Focus on IT pays off
Wipro's focus on IT has proved to be the turning point in its fortunes. Sales for the year ended March 1999 grew by a spectacular 25 per cent to Rs 17.8 bn (US$ 414 m). Growth at the bottomline was a far healthier 59 per cent to Rs 1,702 m (US$ 40 m). Investors and fund managers have lapped up the stock to take it to amazing levels of over Rs 5,000 per share. The market value of the company has jumped from a mere Rs 7.3 bn in financial year 1996 to over Rs 234 bn in the current year.
In addition to the investors, Wipro's rise in market value has put a broad smile on Mr. Azim Premji's face. Mr Premji - the promoter of Wipro, owns 77 per cent of the stock. A recent survey on global billionaires conducted by a leading international business magazine, has calculated Mr. Premji's holding in Wipro at about Rs 180 bn, catapulting him to India's richest individual.
The road ahead...
Wipro has lined up plans to invest close to Rs 2 bn per annum over the next two to three years. Not surprisingly, more than 70 per cent of this amount will be invested in the IT business, Wipro's golden goose.
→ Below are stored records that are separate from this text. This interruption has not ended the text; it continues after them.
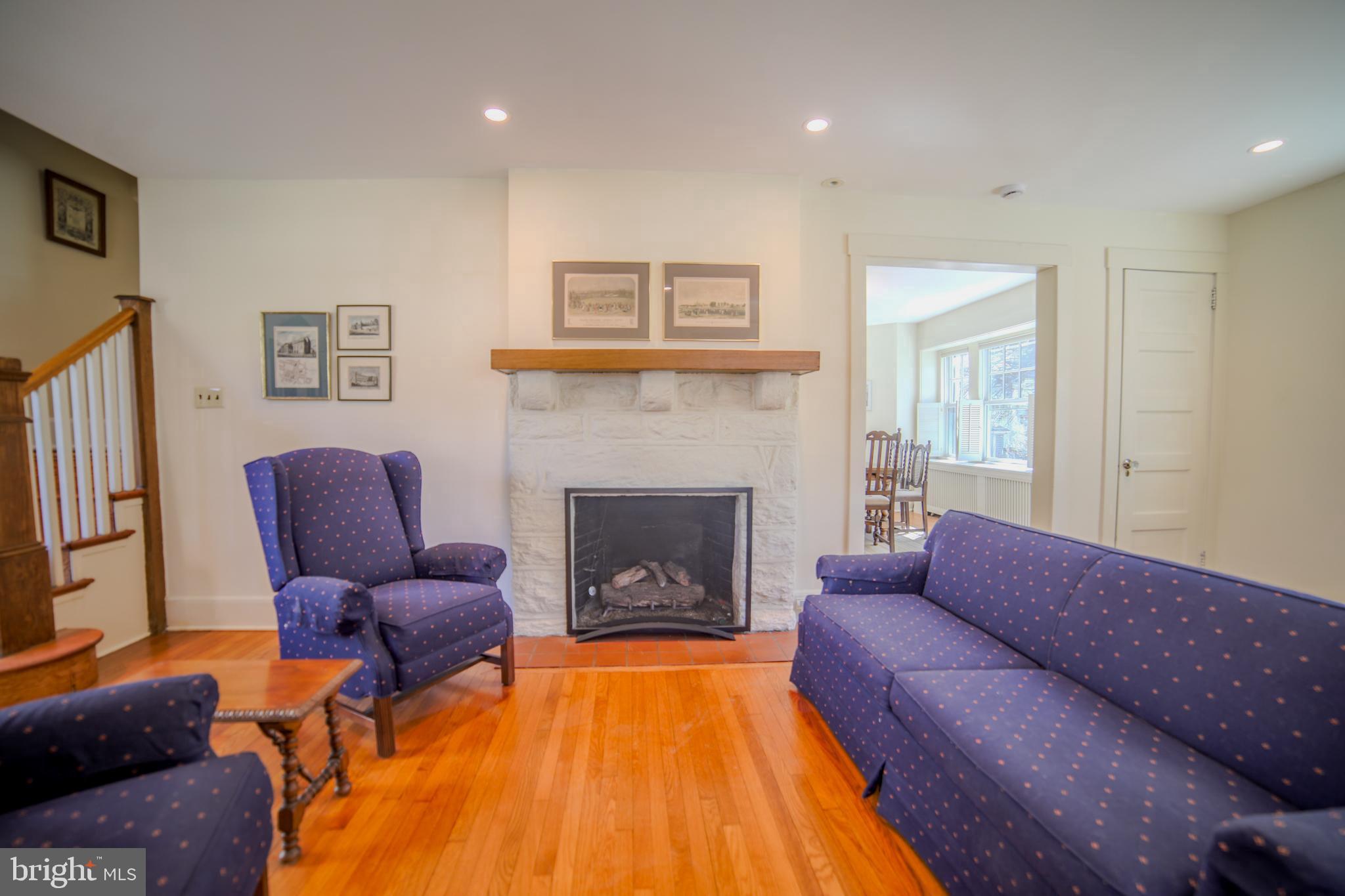 10 Elmwood Ave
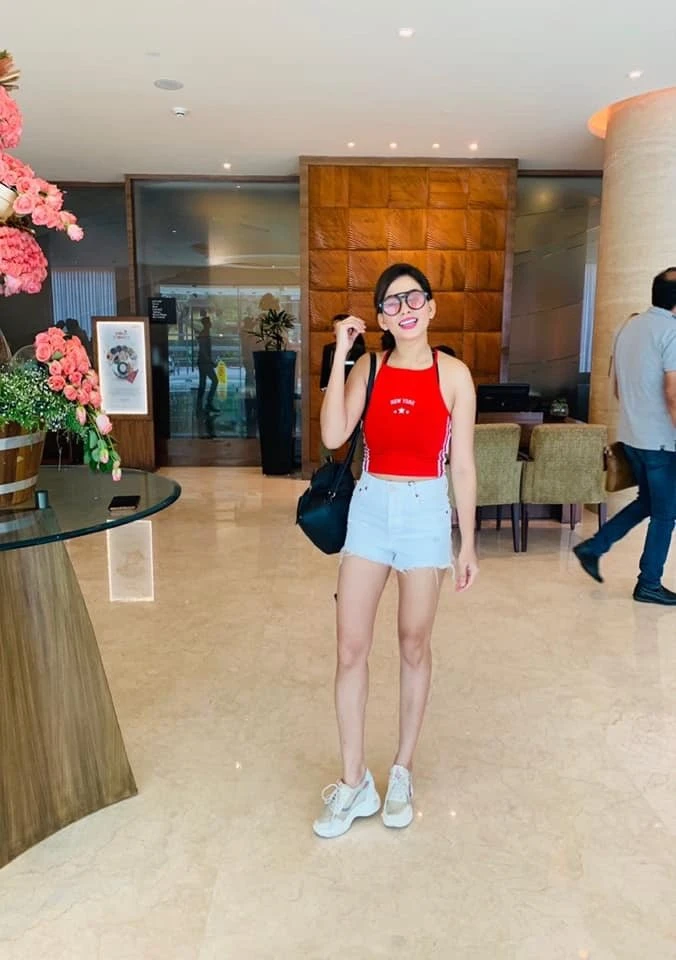 Tanya – escort in Mumbai — 4 / 5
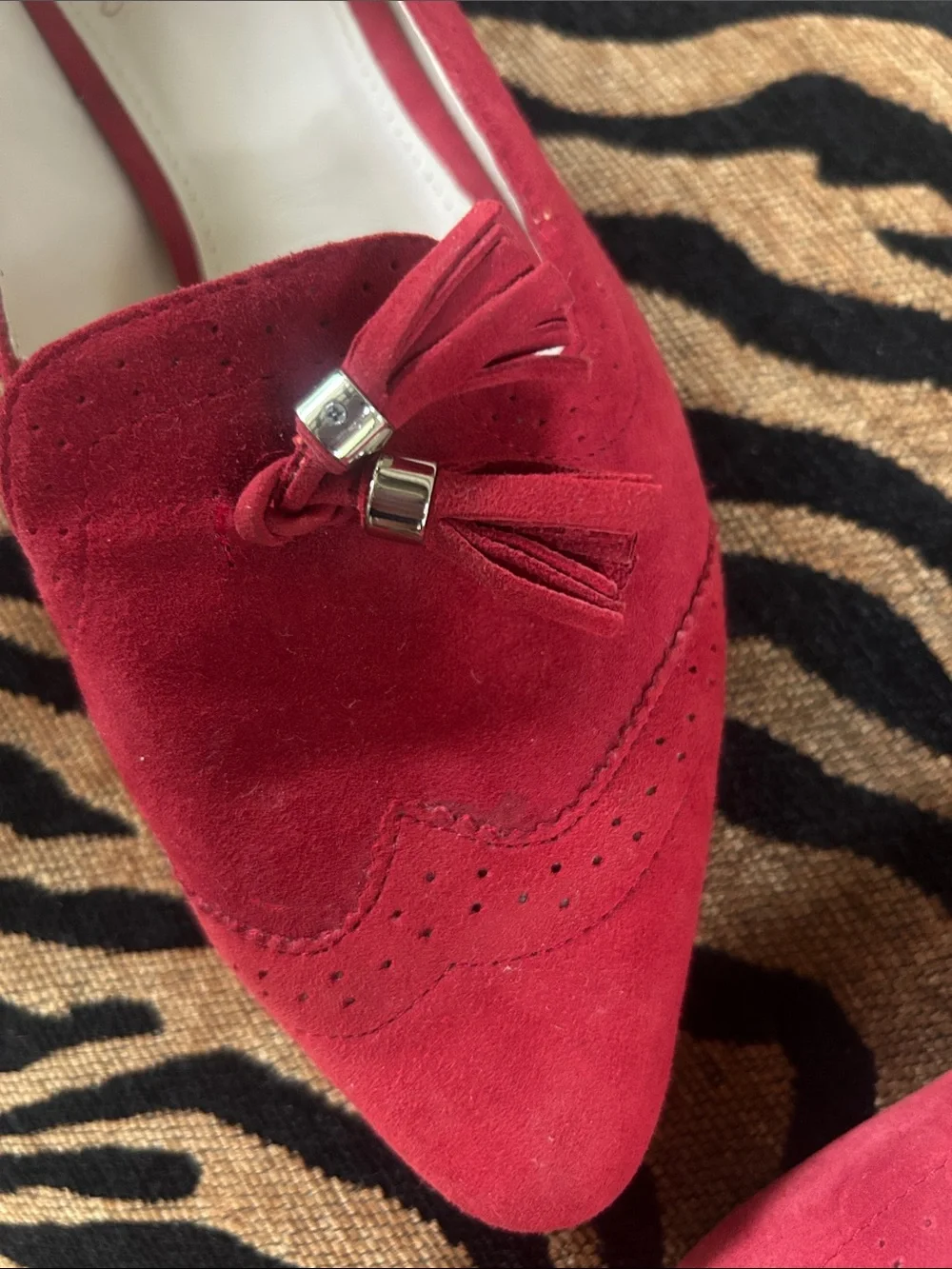 Vince Camuto Red Suede Tassel Pointed Loafers size 8M/38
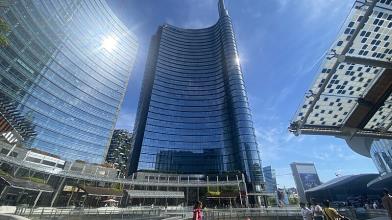 Trimestrale UniCredit: la banca alza la guidance su ricavi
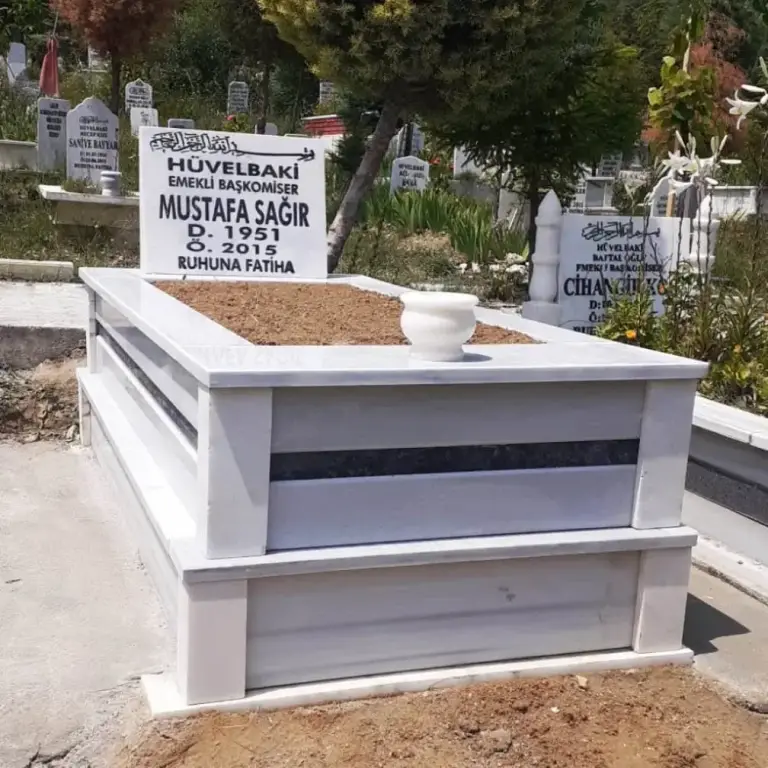 İki katlı beyaz mermer mezar, siyah granit şerit – Kütahya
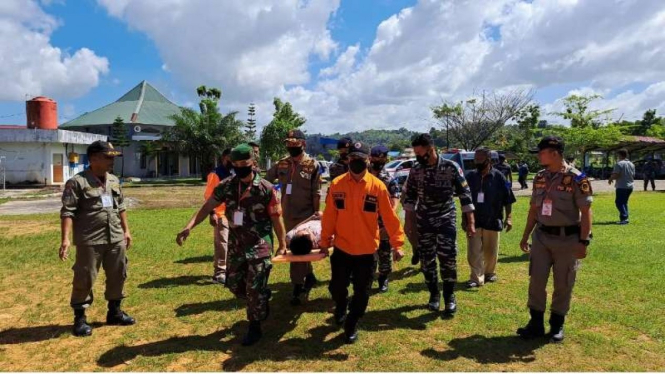 VIVA Militer: Prajurit TNI AL gelar latihan penanggulangan bencana alam di Nias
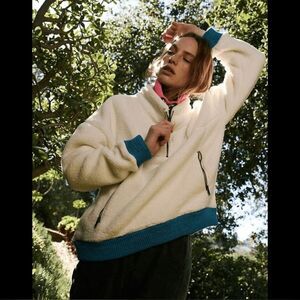 NWOT Free People Movement White/ Blue Over the Rainbow Fleece Size Small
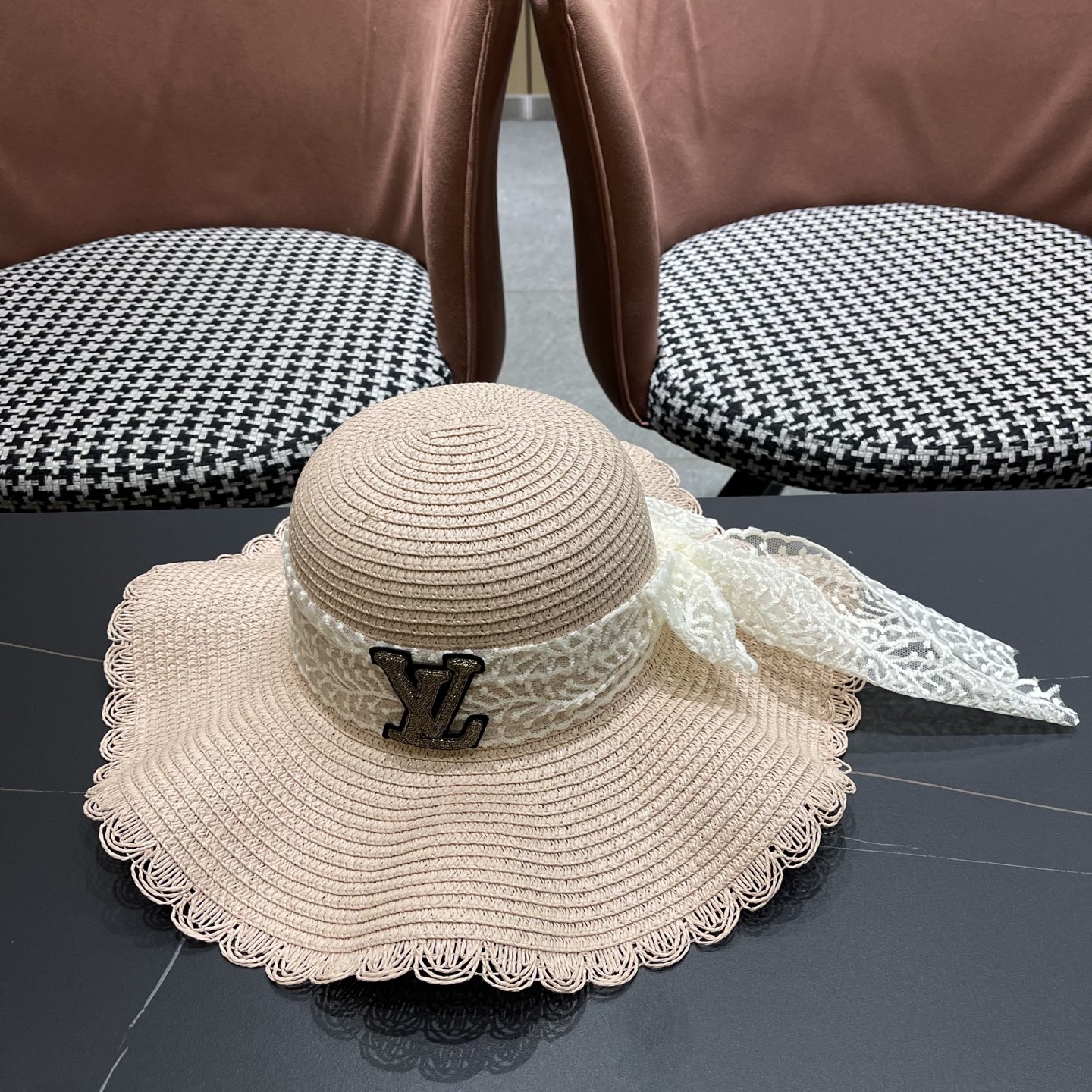  【LV路易威登】2025新款草帽，出街必备超好搭配，赶紧入手！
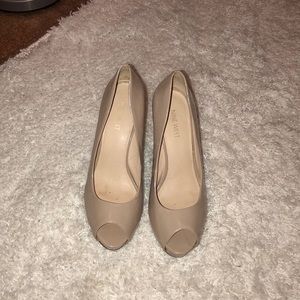 Tan heels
The company has also acquired an Internet Service Provider (ISP) licence through which it plans to corner the business-to-business segment of this lucrative new emerging market. The ISP venture has been spun off into a separate JV - Wipro Net, in association with KPN (Royal Dutch Telecom). From a total equity capital of Rs 250 m, Wipro will contribute Rs 137.5 m to the JV. The company has also identified the Internet and e-commerce as a major thrust area and has made sizeable investments in this business.
To sustain the scorching growth rate over the next few years, the company may need to make some strategic acquisitions, both in India and abroad. This could lead to dilution of equity and is one area of speculation amongst analysts.
In addition, Wipro's finance arm, Wipro Finance, may prove to be a spot of bother for the company. In the second quarter of the current financial year, Wipro made a non-recurring provision of Rs 581 m related to its investments in Wipro Finance. This could be further pressure on Wipro to provide for an additional Rs 350 m in early 2001, if ICICI - an investor in Wipro Finance decides to offload its preference shares in the company.
Wipro's competitiveness in its non-IT businesses like baby care, soaps and toiletries, vanaspati, and lighting is limited to offering cost-efficient products. Wipro has failed to command market leadership in any of these segments. In fact, in all these segments Wipro competes with MNCs, like Johnson & Johnson (baby care), Procter & Gamble (soaps), Philips (lighting), General Electric (lighting) and Hindustan Lever (soaps and vanaspati) who command total control over their respective segments. So far in its FMCG business, Wipro has had limited success in differentiating itself from the competition, and has scored only in cost competitiveness.